Same issue for me, when initializing TextLMDataBunch.from_df()
Most likely, you need to add num_wokers=0 (Required for Windows env)
dls = ImageDataLoaders.from_df(df, PATH_DATA,
fn_col="FILENAME",
label_col="LABEL",
num_workers = 0,
bs=4)
Hi, I am facing a issue and I have a basic (and most probably stupid) query. I am a beginner to FastAI and trying to run it on Windows 10. I have installed it following the instructions on https://docs.fast.ai/ with Anaconda. When trying to train the model with GPU, I am getting out of memory error (probably because GPU memory is only 2 GB). Is there a workaround with this?

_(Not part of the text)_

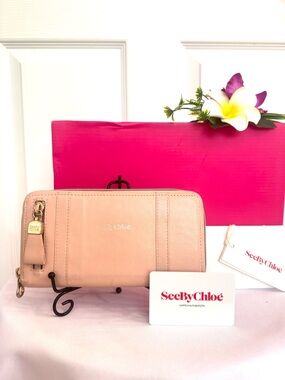 SEE by CHLOE ~Blush Pink Long Leather Wallet with Gold Hardware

Otherwise, is it possible to use FastAI without GPU?
Welcome @shobhit - reducing the batch size (bs) will reduce the amount of GPU memory used, so I’d try that first. Using the CPU will be pretty slow - and I can’t recall how to force this but maybe change the default device?
Thank you @brismith , reducing the batch size worked.
I am running the example script and am getting an error.
RuntimeError: cuda runtime error (801) : operation not supported at ..\torch/csrc/generic/StorageSharing.cpp:258
I’ve tried lots of googling but have not been able to find a solution. Any help is appreciated.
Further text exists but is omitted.